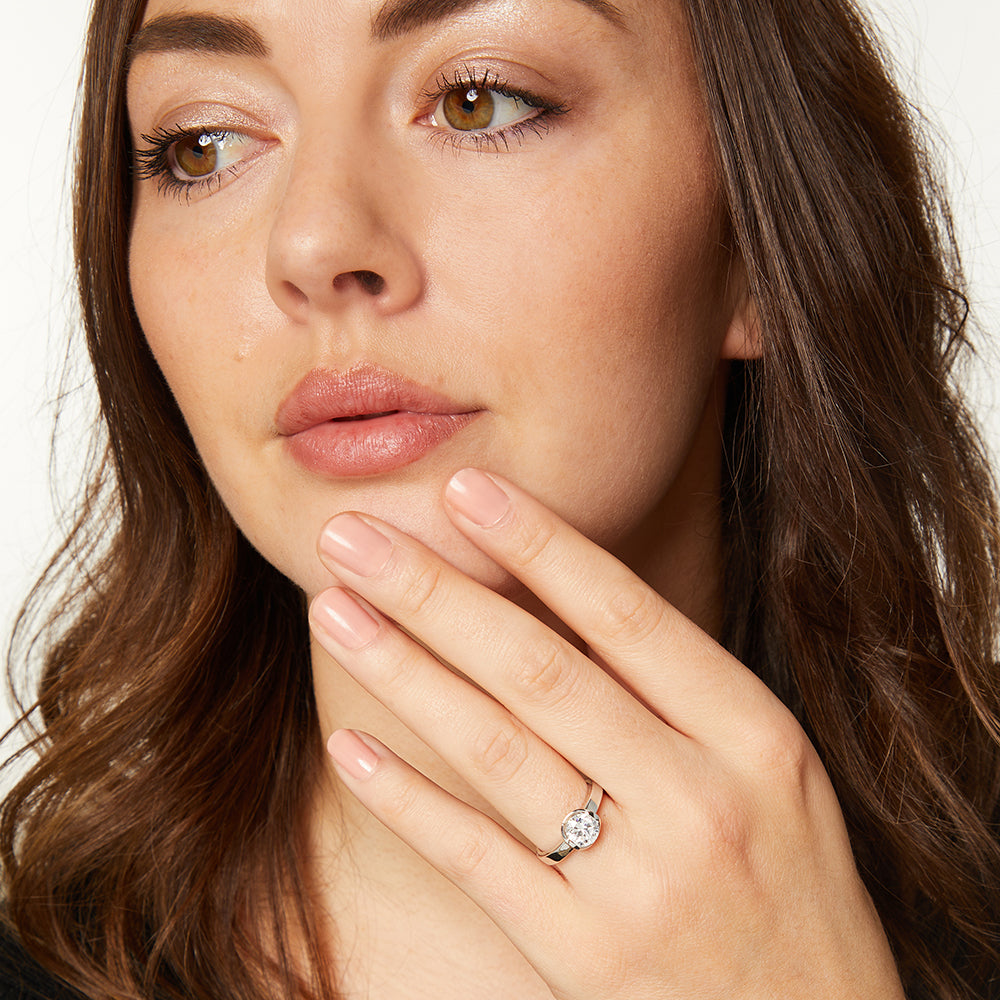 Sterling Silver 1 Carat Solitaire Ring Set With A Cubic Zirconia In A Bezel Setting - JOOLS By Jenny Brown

==

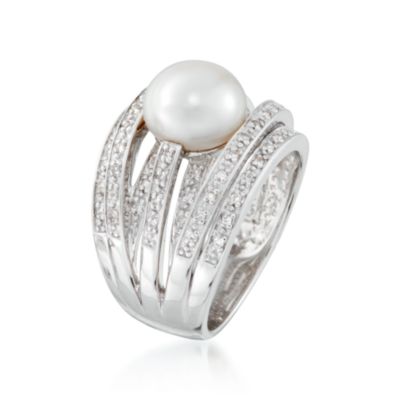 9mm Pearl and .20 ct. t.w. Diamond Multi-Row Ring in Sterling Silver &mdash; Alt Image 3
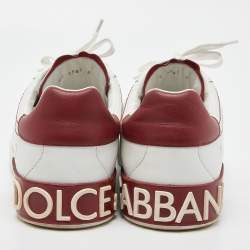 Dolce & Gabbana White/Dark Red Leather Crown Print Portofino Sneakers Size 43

◆ DESCRIPTION OF THE TASK ◆
Retype, exactly and with no pictures, everything above from the line with "9mm Pearl and" down to the line with "Dolce & Gabbana", both included.

◆ SOLVED EXERCISE ◆
 9mm Pearl and .20 ct. t.w. Diamond Multi-Row Ring in Sterling Silver &mdash; Alt Image 3
 Dolce & Gabbana White/Dark Red Leather Crown Print Portofino Sneakers Size 43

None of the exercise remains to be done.